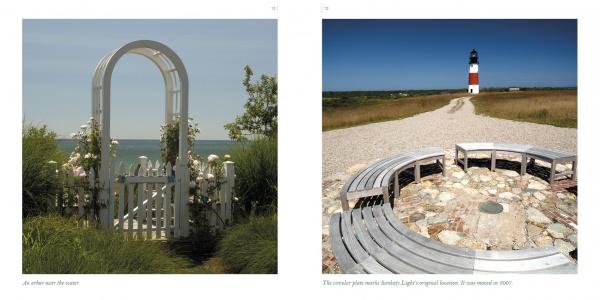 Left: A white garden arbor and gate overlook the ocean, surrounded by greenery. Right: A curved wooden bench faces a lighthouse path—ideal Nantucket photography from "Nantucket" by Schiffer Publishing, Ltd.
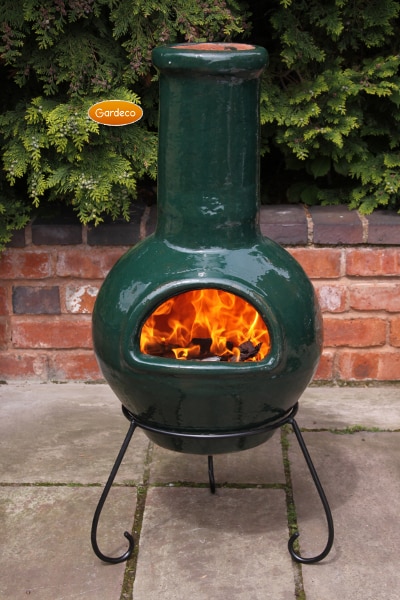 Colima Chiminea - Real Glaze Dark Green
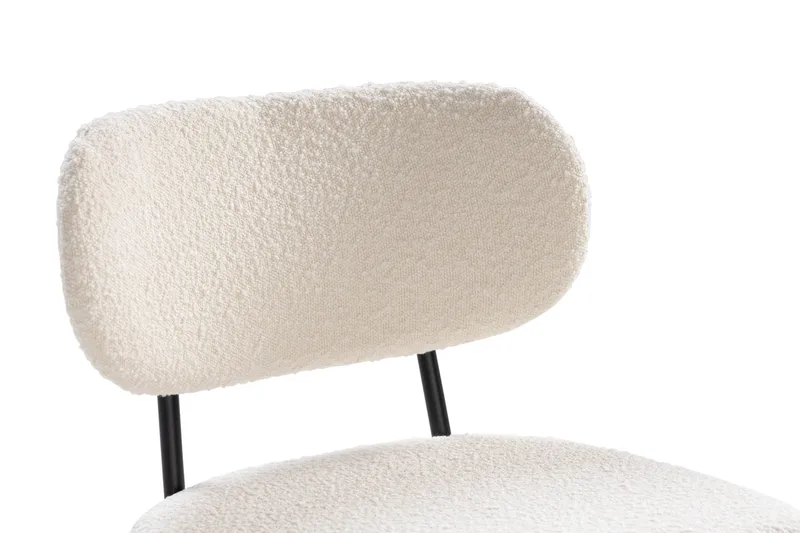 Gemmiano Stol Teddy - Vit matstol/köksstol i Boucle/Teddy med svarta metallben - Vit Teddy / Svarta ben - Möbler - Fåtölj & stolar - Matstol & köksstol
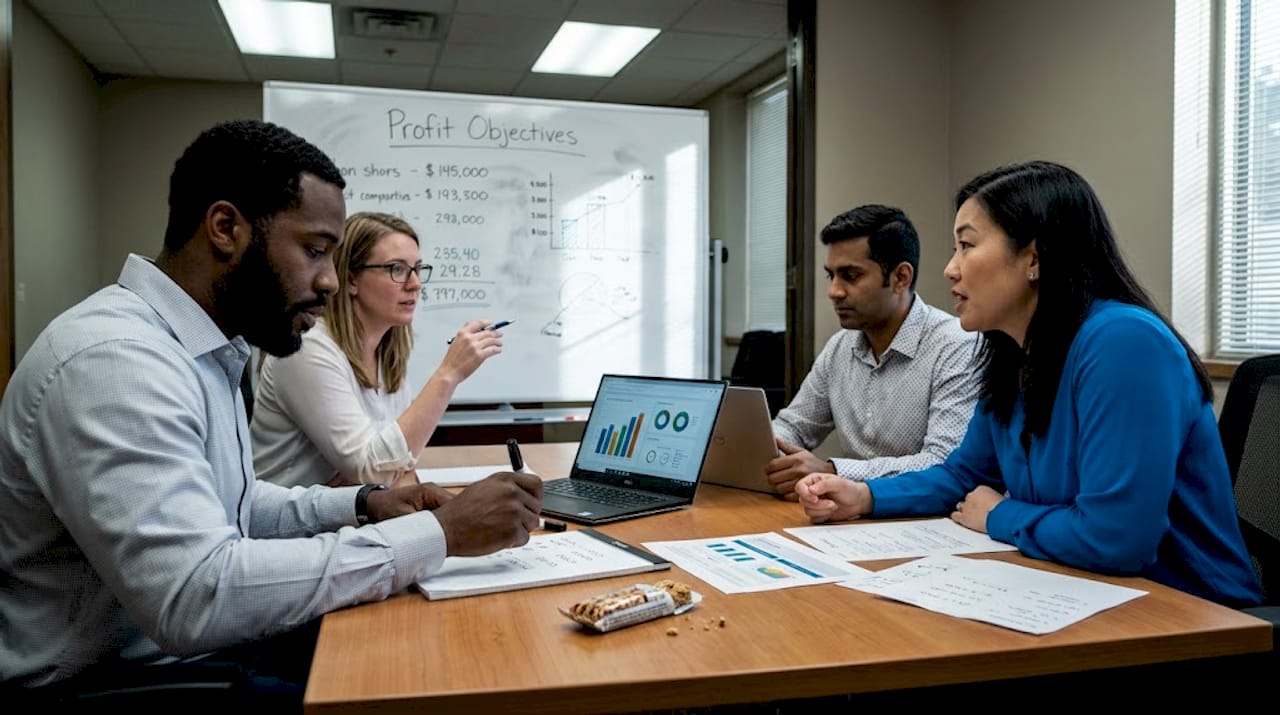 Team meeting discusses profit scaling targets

== WHAT YOU NEED TO DO ==
In the reply, every line of the material above is to be reproduced verbatim, and the images are to be left out.

== ANSWER FOR THIS EXERCISE ==
 Left: A white garden arbor and gate overlook the ocean, surrounded by greenery. Right: A curved wooden bench faces a lighthouse path—ideal Nantucket photography from "Nantucket" by Schiffer Publishing, Ltd.
 Colima Chiminea - Real Glaze Dark Green
 Gemmiano Stol Teddy - Vit matstol/köksstol i Boucle/Teddy med svarta metallben - Vit Teddy / Svarta ben - Möbler - Fåtölj & stolar - Matstol & köksstol
 Team meeting discusses profit scaling targets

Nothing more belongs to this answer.